[Stored data entries]
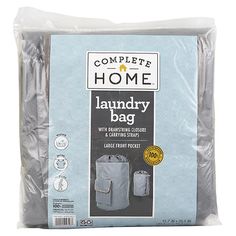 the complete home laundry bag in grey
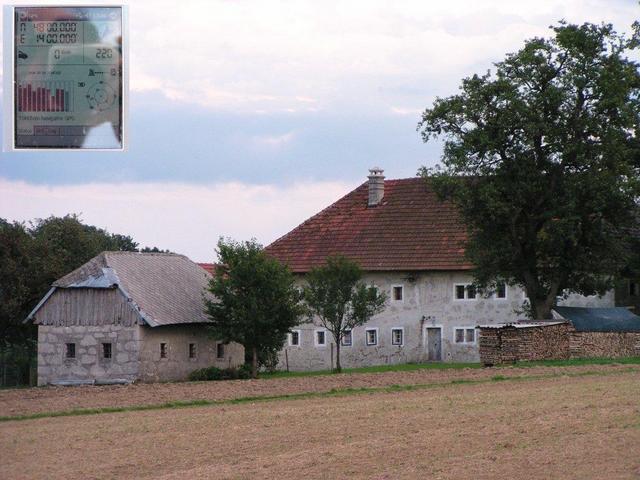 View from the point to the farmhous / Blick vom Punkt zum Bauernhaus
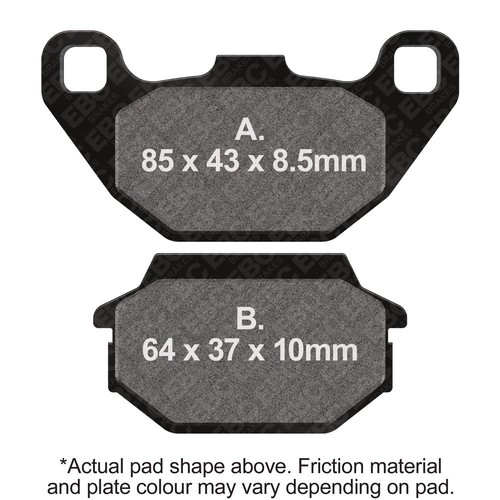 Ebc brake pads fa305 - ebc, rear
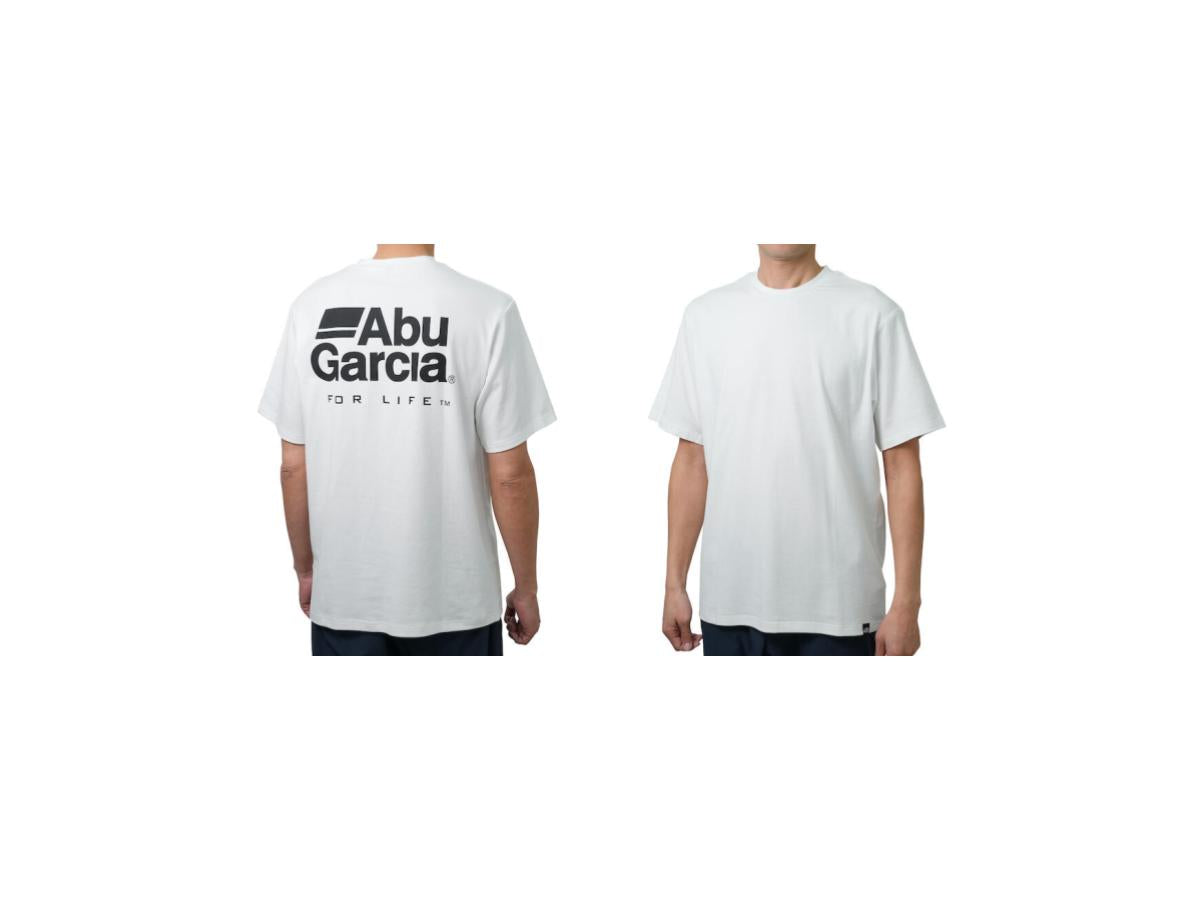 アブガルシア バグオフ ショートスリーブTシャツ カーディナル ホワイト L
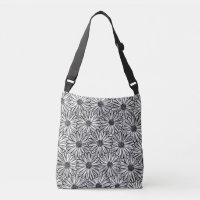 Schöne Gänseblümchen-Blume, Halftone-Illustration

▶ **What is required**:
What is needed here is an exact copy of the lines from the line containing "View from the" through the end of the records, with every picture left out.

▶ **Written solution**:
 View from the point to the farmhous / Blick vom Punkt zum Bauernhaus
 Ebc brake pads fa305 - ebc, rear
 アブガルシア バグオフ ショートスリーブTシャツ カーディナル ホワイト L
 Schöne Gänseblümchen-Blume, Halftone-Illustration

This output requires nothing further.